Esta tardanza, por otra parte, en llegar a la novela es perfectamente biológica y no quiere decir sino que la literatura suramericana ha seguido el mismo ritmo natural que las demás literaturas de Occidente. En todas ellas, como es sabido, la poesía y hasta la literatura de especulación ideológica precedieron a la novela, y el advenimiento de ésta fue siempre un signo de madurez. De ahí que aparezca perfectamente lógico que Rómulo Gallegos venga después de Rodó y de Rubén Darío (bien guardadas las respectivas distancias en la tabla de valores absolutos) y que pudiera considerarse la aparición de «Doña Bárbara» como la entrada de la literatura hispanoamericana en la edad viril.

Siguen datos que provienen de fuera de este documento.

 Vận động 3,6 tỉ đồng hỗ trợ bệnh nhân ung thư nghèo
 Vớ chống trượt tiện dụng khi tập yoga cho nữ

Que «Doña Bárbara» no podía ser obra de un novel es cosa que se evidencia desde los primeros capítulos. Lo mismo en su construcción exterior, que en su estructura interna, que en su estilo, hay una ponderación, una mesura y una sabiduría que en modo alguno podrían corresponder a un principiante.

Igualmente se echa de ver en seguida que el autor no pertenece a la vanguardia -aunque su edad sea más o menos, como queda apuntada, la de nuestros vanguardistas-. «Doña Bárbara» es una obra absolutamente de norma clásica, y por mi parte la veo ya integrada en el tiempo a las novelas clásicas del idioma.

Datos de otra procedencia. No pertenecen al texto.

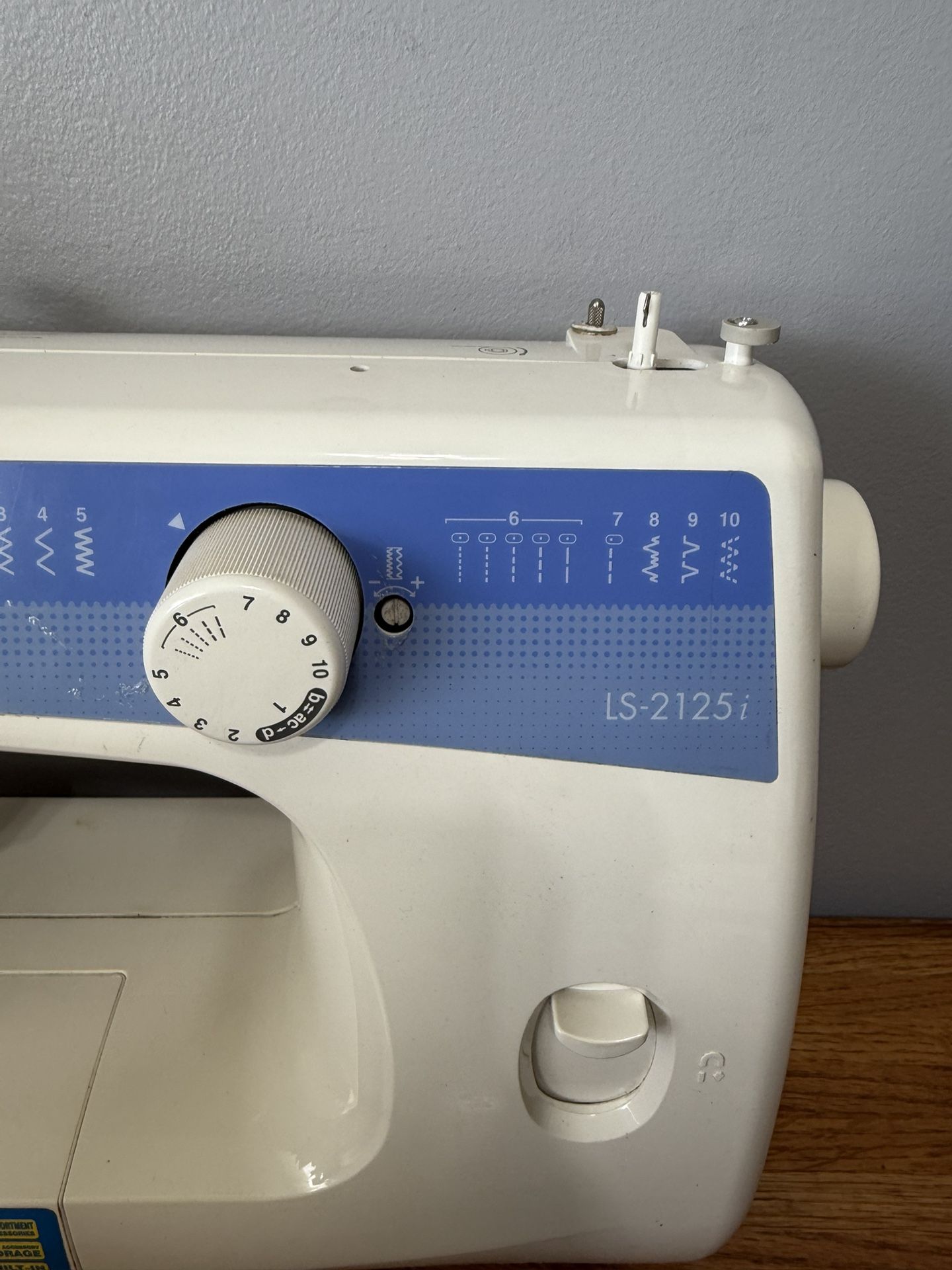 Brother LS 2125i Electric Lightweight Portable Sewing Machine Tested/ foot pedal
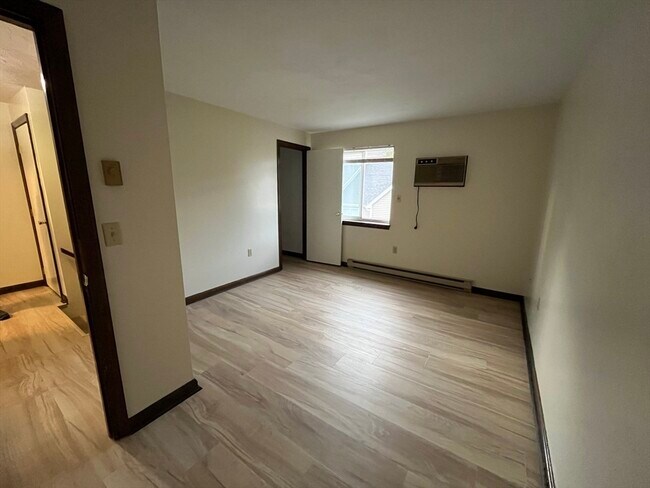 Building Photo - 53 Fairfield Park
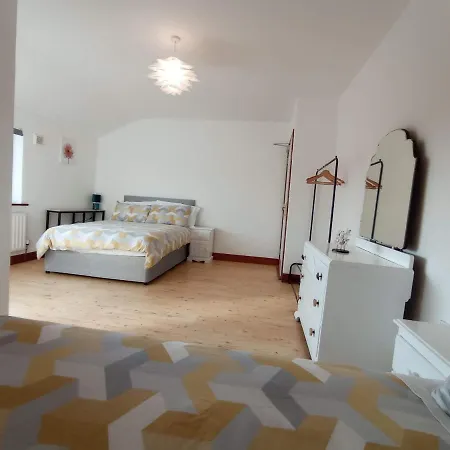 Tir Na Nog Bed & Breakfast Inverin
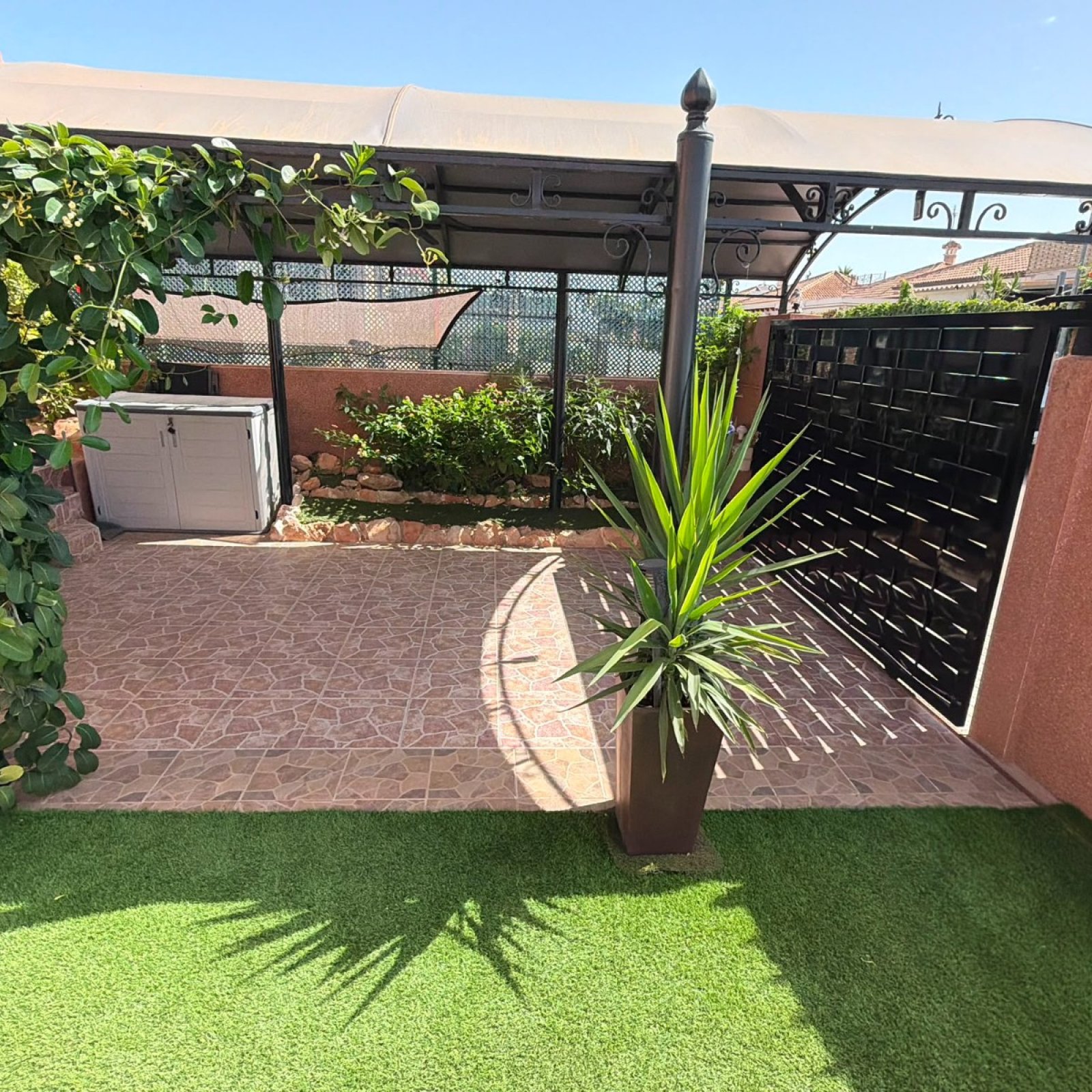 Villa in Los Montesinos-2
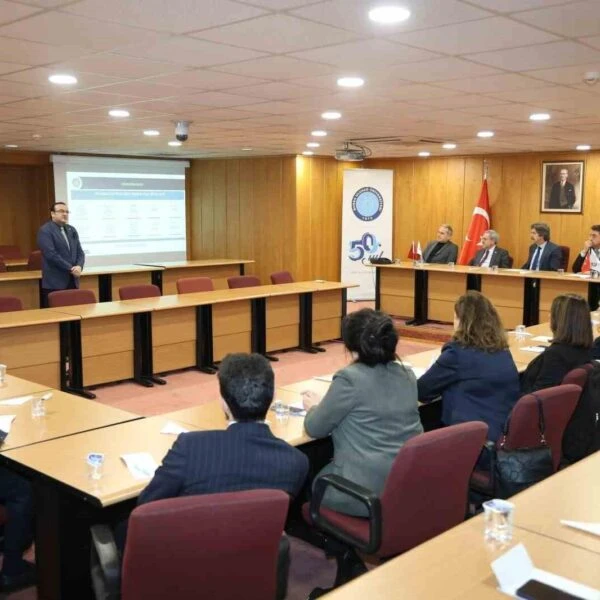 Bursa Uludağ Üniversitesi ve Ankara Üniversitesi Rektörleri-1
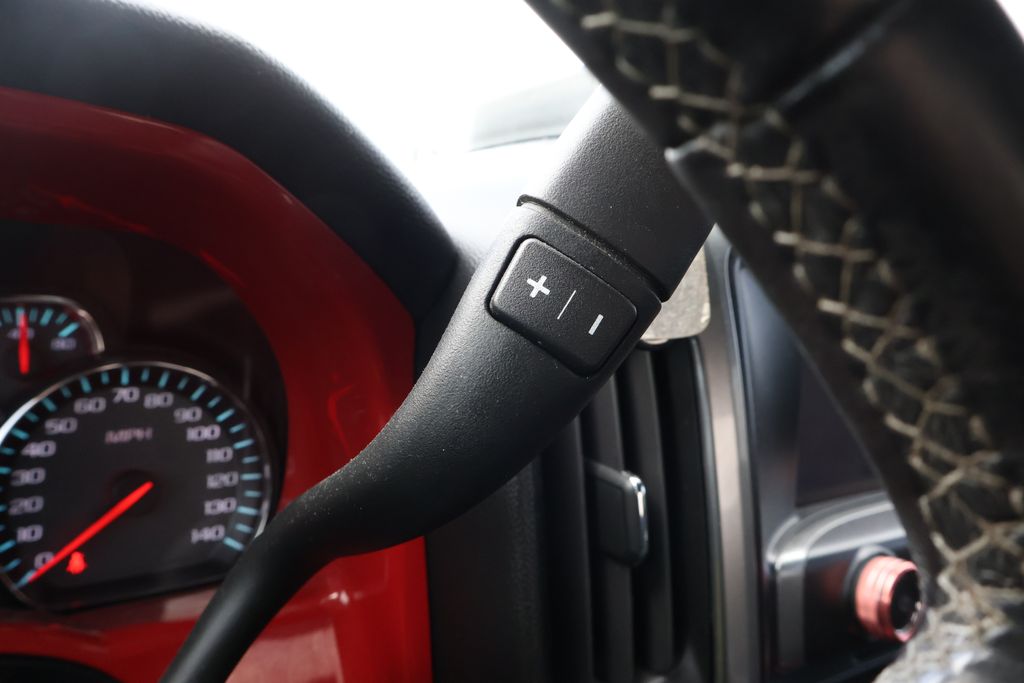 2014 Chevrolet Silverado 1500 LT 18
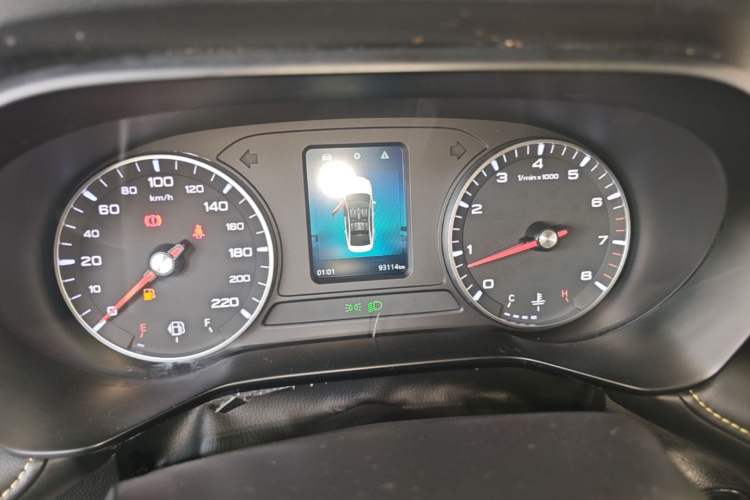 Used Roewe i5 2021 1.5L Manual Diamond Edition Instrument Cluster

Pero aunque sin propósito alguno de novedad, como todo artista clásico, el señor Gallegos es poderosamente original y personal, como todo   —311→   artista clásico también (clásico y no académico). Así, «Doña Bárbara» es una novela profundamente nueva, que apenas tiene su semejante en castellano.

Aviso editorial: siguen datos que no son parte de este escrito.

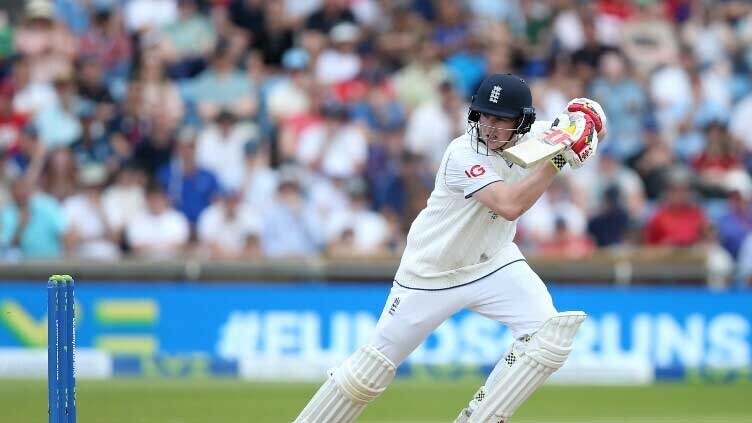 England beat Australia in 3rd Test thriller to keep Ashes hopes alive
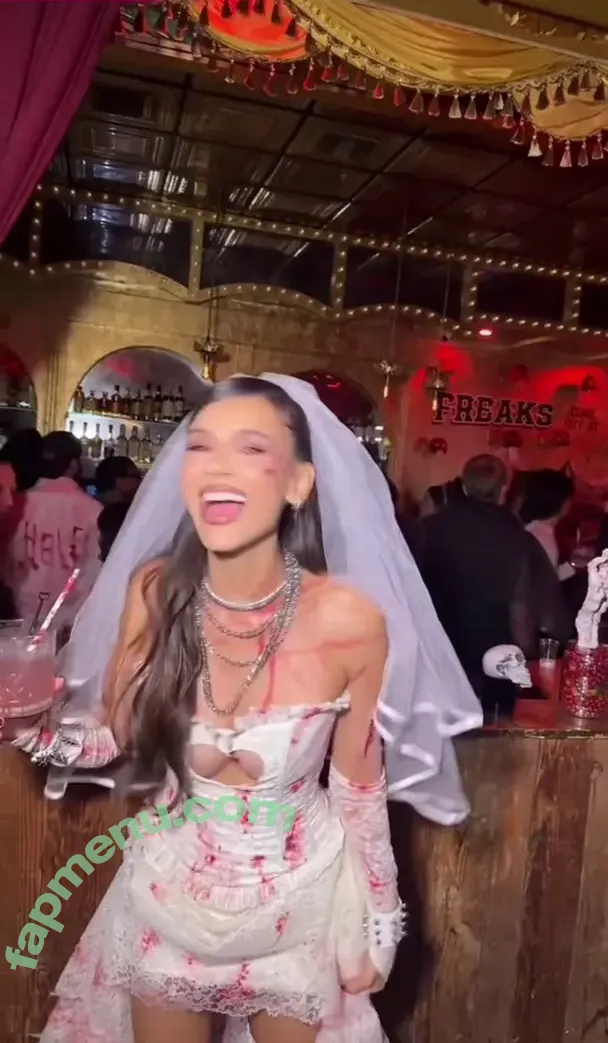 Victoria Justice nude photo #1217 (victoriajustice)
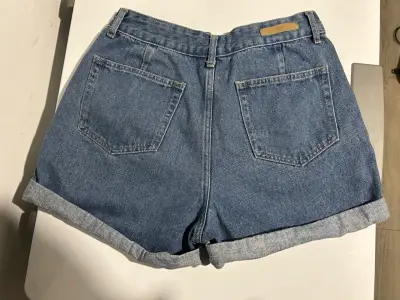 Short de jeans estilo Mom - miniatura 2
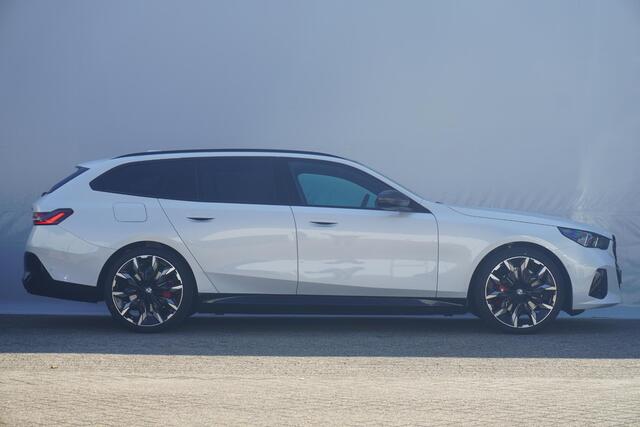 BMW 5-SERIE Touring 530e | M Sportpakket Pro | M Multifunctionele voorstoelen | Bowers & Wilkins | Alcantara Hemelbekleding | Driving Assistant Professional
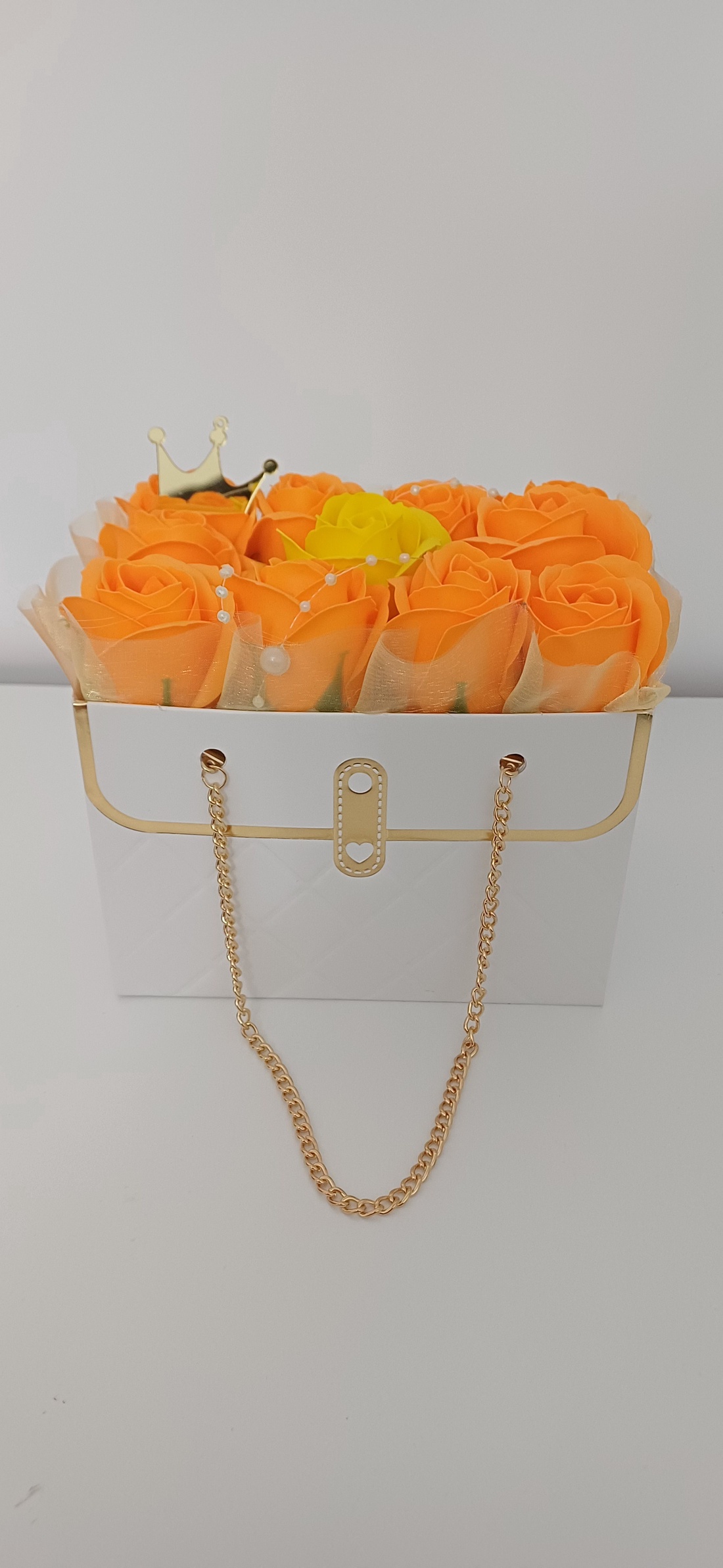 Gentuța cu trandafiri din sapun - accessorii și unelte - mărgea, componente de bijuterii - alte piese - Artynos.ro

Por sus líneas generales podría clasificarse como una novela realista; pero concurren en ella bastantes más elementos de los que suelen encontrarse en las novelas del género realista, y la catalogación distaría mucho de ser exacta. Realmente, lo que más sorprende en esta obra y lo que acaso constituya su principal virtud, al menos desde el punto de vista técnico, es la riqueza de sus componentes y la perfecta fusión y armonía del conjunto. Así, «Doña Bárbara» es a la vez novela realista y novela poemática, novela descriptiva, de costumbres rurales, y novela psicológica, novela de acción y novela de caracteres. En este sentido es una maravilla de técnica, una verdadera proeza de arquitectura y de equilibrio interior. La importancia del paisaje, del medio, que es en último término el genuino protagonista, no perjudica, sin embargo, ni resta la menor importancia a los personajes del drama, que nos interesan tanto por lo que son como por lo que hacen; y sin duda no es uno de los méritos menores el fino modelado psicológico (un elemento psicológico más abundante del que suele ofrecer la novela realista de costumbres) con que aparecen tratados los personajes principales: Santos Luzardo, Marisela y Doña Bárbara, y aun toda la comparsería, magistralmente caracterizada, que en torno de ellos se mueve y vive. Pues todo en este libro vive y alienta: ni prosa muerta ni figuras exánimes. Arte esencialmente conciso (a pesar de sus 350 páginas macizas, pocos libros menos prolijos), unas cuantas líneas le bastan al autor para plantar una vida delante de nosotros, y si Doña Bárbara, Santos y Marisela ocupan más lugar en la escena y están más próximos a las candilejas, seguramente que Melquíades el Brujeador, Balbino Paiva, el encuevado Carmelito, el magnífico Pajarote y Antoñito Sandoval, el becerrero, aunque al fondo y menos en movimiento, no se hallan menos vivos y menos intensamente iluminados.

Para que nada falte en la novela, hasta podría descubrírsele un simbolismo político-social (aparte del otro simbolismo más de primer plano que identifica a Doña Bárbara con la llanura, «la devoradora de hombres»), según el cual la protagonista personificaría el caciquismo y las fuerzas oscurantistas y regresivas, en tanto que Santos representaría el papel del progreso y de las fuerzas civilizadoras, al cabo triunfantes. Pero seguramente éste es el aspecto menos sugestivo de la obra, y si el tal simbolismo asoma y parece evidenciarse en la toponimia del lugar -el hato de El Miedo, por un lado; el hato de Altamira, por el otro- y, hasta en el nombre de ambos contrincantes, Doña Bárbara y Santos Luzardo (luz-ardo), bueno será decir que no hace sino asomar, quedando en estado tan embrionario, que hasta podría atribuirse a simple coincidencia.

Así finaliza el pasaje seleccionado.